(Captioned web images)
++++++
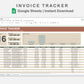 Google Sheets - Invoice Tracker - Earthy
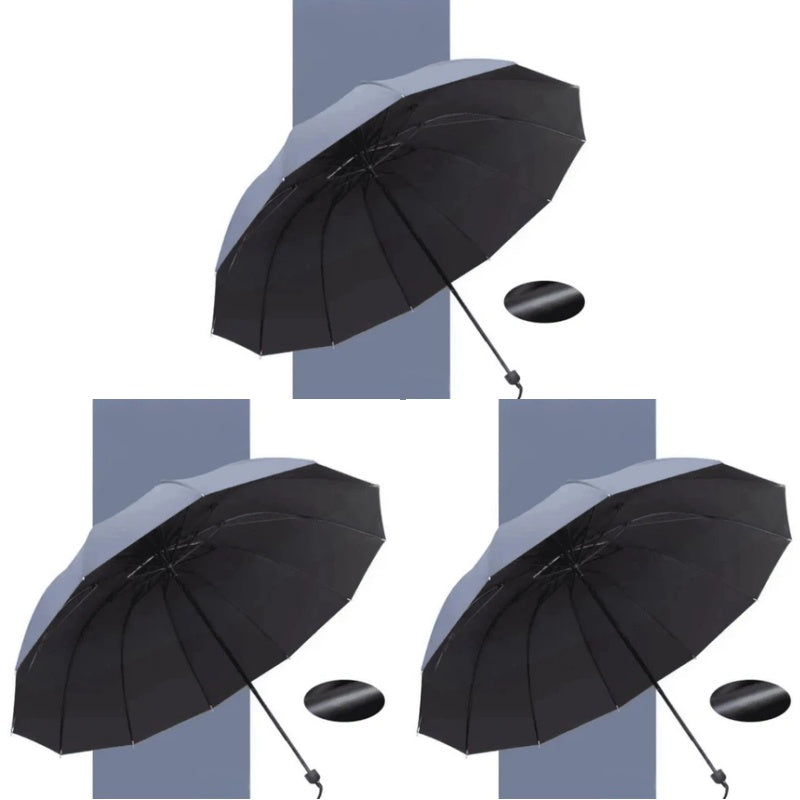 ⏳Time-limited 50%Discount⏰12-Rib Large Foldable Windproof Umbrella🌂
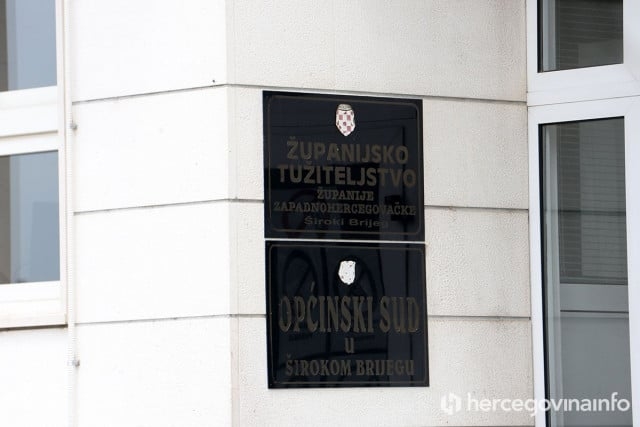 Produžen pritvor za pokušaj ubojstva u Širokom Brijegu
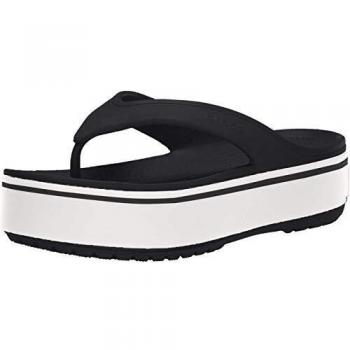 Crocs Crocband Platform Flip U, Zapatos de Playa y Piscina Unisex Adulto, Negro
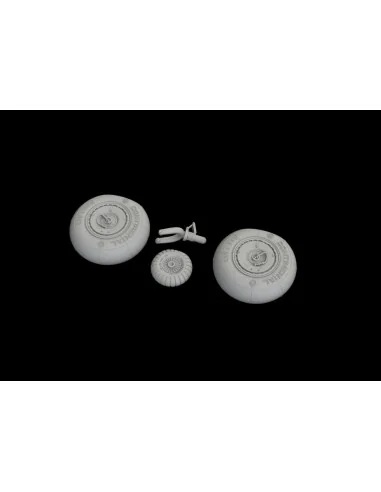 Bf 110G wheels for Eduard, 1/48 - Eduard Accessories 648603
++++++
> _Task_: A picture must not appear in the copy. Transcribe exactly the lines from the one with "Foldable Windproof Umbrella🌂" through the final line of the entries, both included, and no more.

> _Output for this task_:
 ⏳Time-limited 50%Discount⏰12-Rib Large Foldable Windproof Umbrella🌂
 Produžen pritvor za pokušaj ubojstva u Širokom Brijegu
 Crocs Crocband Platform Flip U, Zapatos de Playa y Piscina Unisex Adulto, Negro
 Bf 110G wheels for Eduard, 1/48 - Eduard Accessories 648603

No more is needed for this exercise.